Stock Market Forecasting Using Time Series Analysis
Abstract— this paper analyzes the various aspects of Stock Exchange for the prediction of online shares trading. The general research associated with the stock or share market is highly focusing on neither buy nor sell but it fails to address the dimensionality and expectancy of a new investor. The common trend towards the stock market among the society is that it is highly risky for investment or not suitable for trade by the people. The seasonal variance and steady flow of any index will help both existing and naïve investors to understand and make a decision to invest in the stock/share market.
The time series analysis will be the best tool for forecasting the trend or even future. The trend chart will provide adequate guidance for the investor and use a machine learning technique to forecast stocks.
Keywords— Stock Market, Shares, IPO, Learning analytics, Data mining, ARIMA, Time Series, KPI
Introduction
The stock market is a market that enables the seamless exchange of buying and selling of company stocks. Every Stock Exchange has its own Stock Index value. The index is the average value that is calculated by combining several stocks. This helps in representing the entire stock market and predicting the market’s movement over time. The stock market can have a huge impact on people and the country’s economy as a whole. Therefore, predicting the stock trends in an efficient manner can minimize the risk of loss and maximize profit.

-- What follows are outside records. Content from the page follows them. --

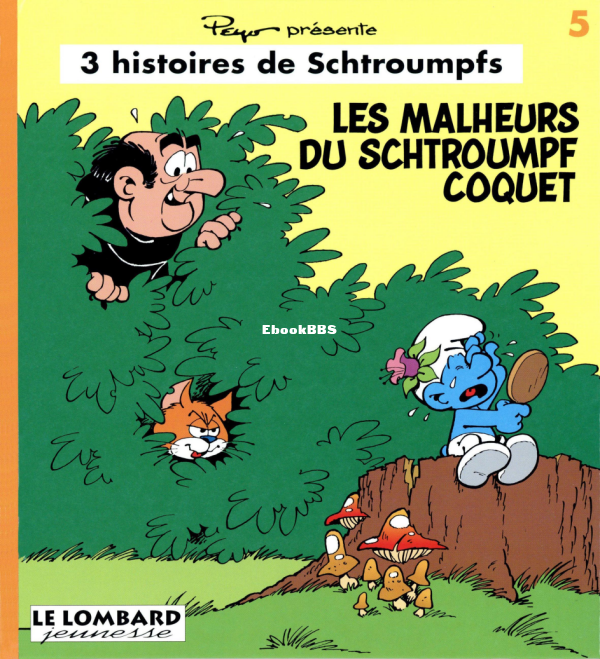 Tome_05_-_Les_malheurs_du_schtroumpf_coquet - 1.png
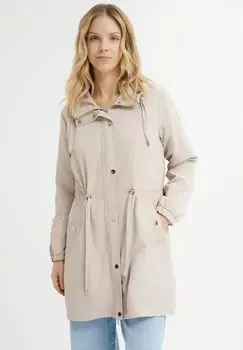 Парка Greenpoint, бежевый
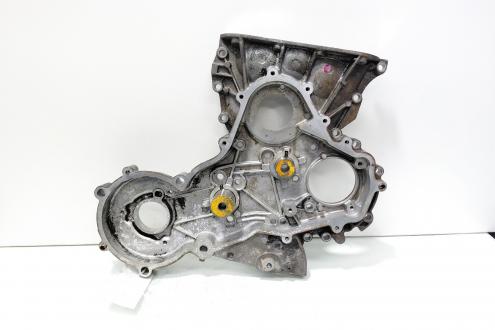 Capac distributie, cod 8200018628, Renault Laguna 2 Combi 2.2 DCI, G9T600 (id:706407)
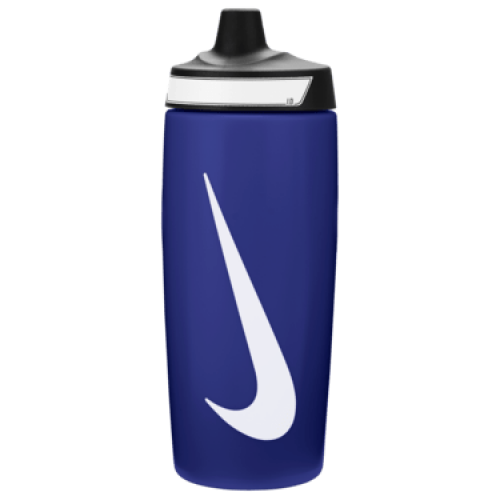 NIKE REFUEL BOTTLE 18 OZ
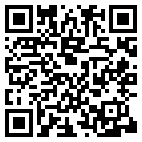 QR Code for Elements Architects in Tampa, FL 33606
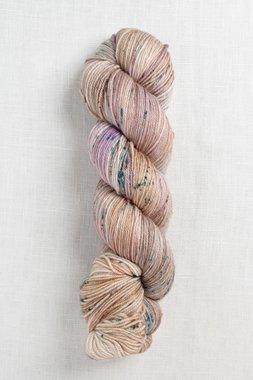Image of Madelinetosh Twist Light Mars Rover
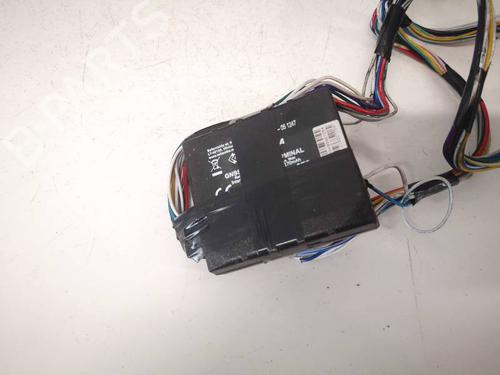 Electronic module VW GOLF V (1K1) 1.9 TDI | BP33565270M83 - Image 2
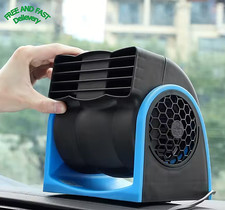 12V Car Vehicle Truck Boat Air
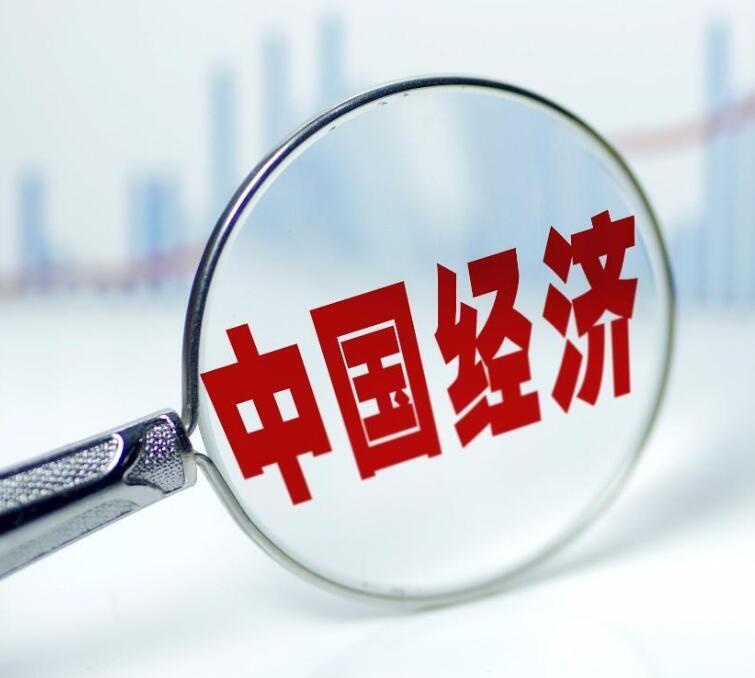 发展游艇经济香港下月推出3项措施吸引各地游艇访港(图1)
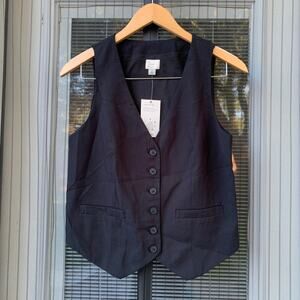 A New Day Women’s/ Teens Tank Tops/Vest Size Available small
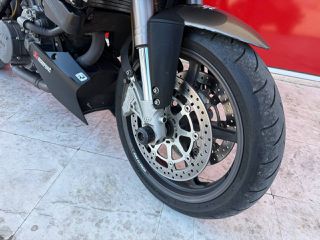 KTM 990 Super Duke 2007-thumb-17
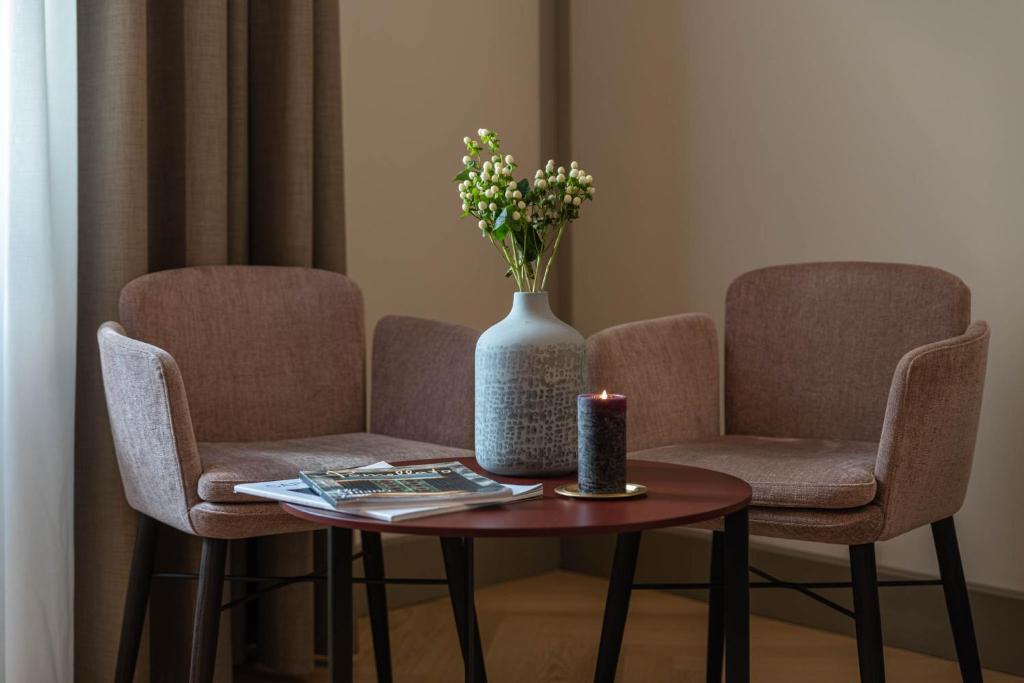 Palazzo Dipinto - 14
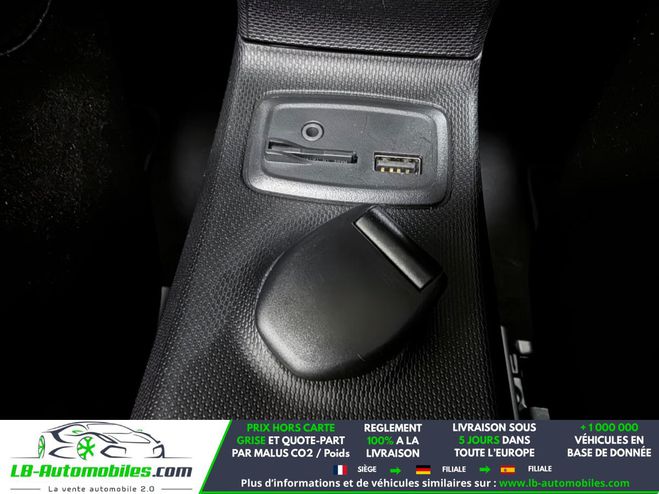 Smart Forfour EQ 82 ch Electrique Gris de 2020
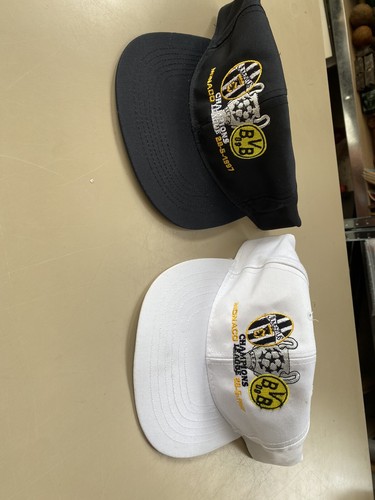 Cappelli champions league - champions,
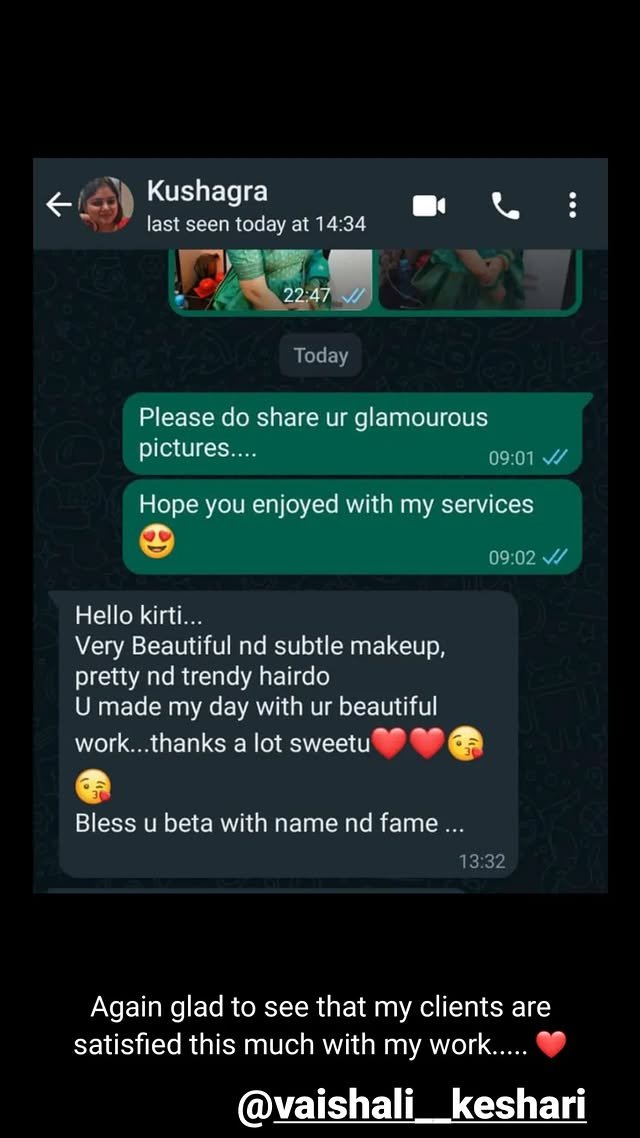 Home 278609474 3001613906722979 3515578296771170430 n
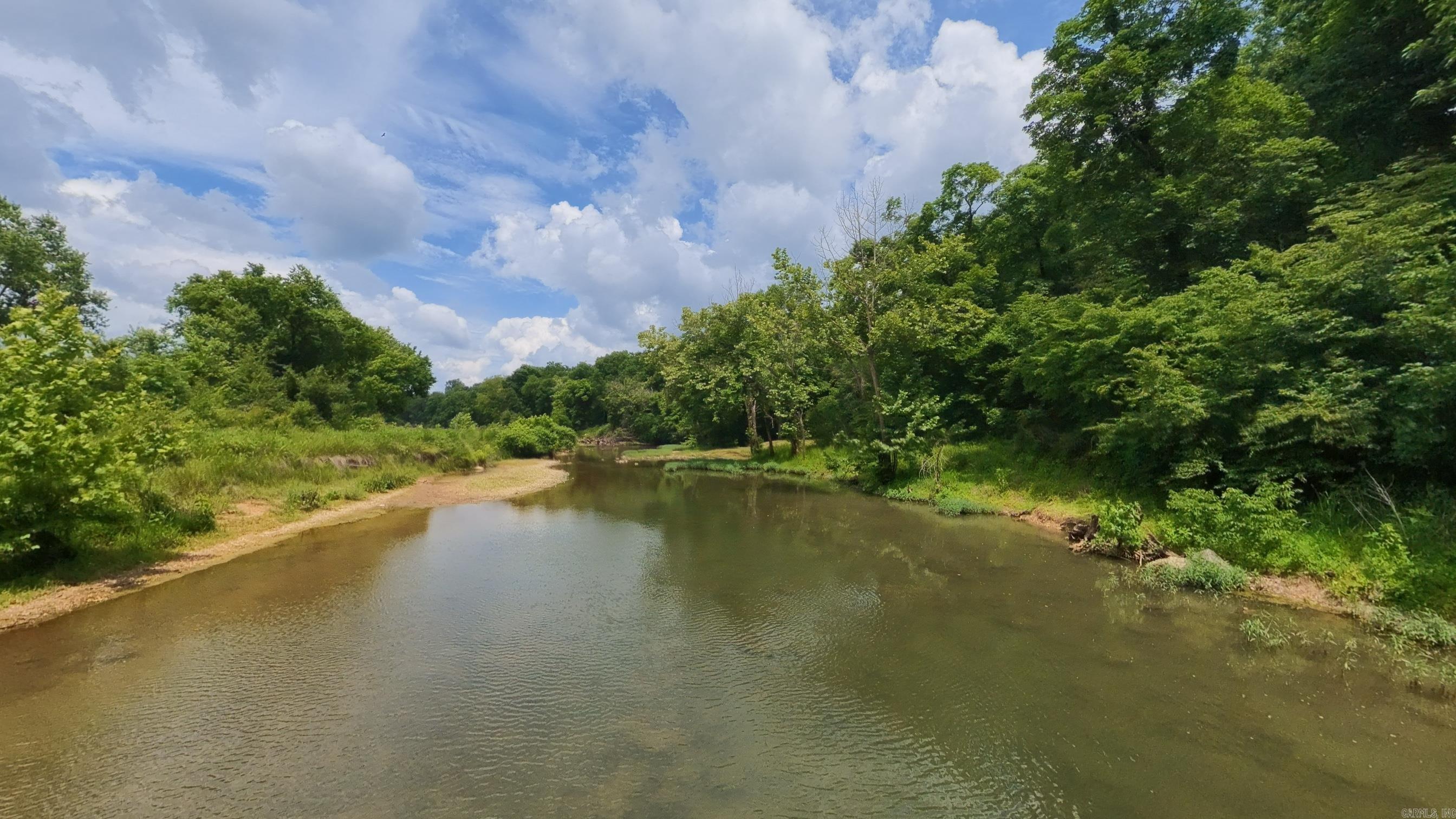 Photo 8 - Vacant Land for sale – 000  Music Hall   Mammoth Spring, AR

A stock or share or company equity is a financial instrument that represents ownership in a company or corporation and represents a proportionate claim on its assets what it might own and earnings what it generates in the form of profits
Time series analysis will be the best tool for forecasting the trend or even future. The trend chart will provide adequate guidance for the investor. So let us understand this concept in great detail and use a machine learning technique to forecast stocks.
STOCK MARKET
DESCRIPTION
The concept behind how the stock market works is pretty simple. Operating much like an auction house, the stock market enables buyers and sellers to negotiate prices and make trades.
The stock market works through a network of exchanges. New York Stock Exchange, NASDAQ or Sensex are such examples. Companies list shares of their stock on an exchange through a process called an initial public offering (IPO). Investors purchase the shares that allow the company to raise money to grow its business. Investors can then buy and sell these stocks among themselves, and the exchange tracks the supply and demand of each listed stock.
That supply and demand help determine the price for each security or the levels at which stock market participants either the investors or traders agree to buy or sell.
Predicting how the stock market will perform is one of the most difficult things to do. There are so many factors involved in the prediction — physical factors vs. physiological, political vs. religious, rational and irrational behavior, etc. All these aspects combine to make share prices volatile and very difficult to predict with a high degree of accuracy.
MACHINE LEARNING IN STOCK MARKET
Stock and financial markets tend to be unpredictable and even illogical, just like the outcome of dice or coin. Due to these characteristics, financial data should necessarily possess a rather turbulent structure which often makes it hard to find reliable patterns. Modeling turbulent structures requires machine learning algorithms capable of finding hidden structures within the data and predicts how they will affect them in the future. The most efficient methodology to achieve this is Machine Learning and Deep Learning. Deep learning can deal with complex structures easily and extract relationships that further increase the accuracy of the generated results.
Machine learning has the potential to ease the whole process by analyzing large chunks of data, spotting significant patterns and generating a single output that navigates traders towards a particular decision based on predicted asset prices.
PREDICTIVE ANALYSIS
Stock prices are not randomly generated values instead they can be treated as a discrete-time series model which is based on a set of well-defined numerical data items collected at successive points at regular intervals of time. Since it is essential to identify a model to analyze trends of stock prices with adequate information for decision making, it recommends that transforming the time series using ARIMA is a better algorithmic approach than forecasting directly, as it gives more authentic and reliable results.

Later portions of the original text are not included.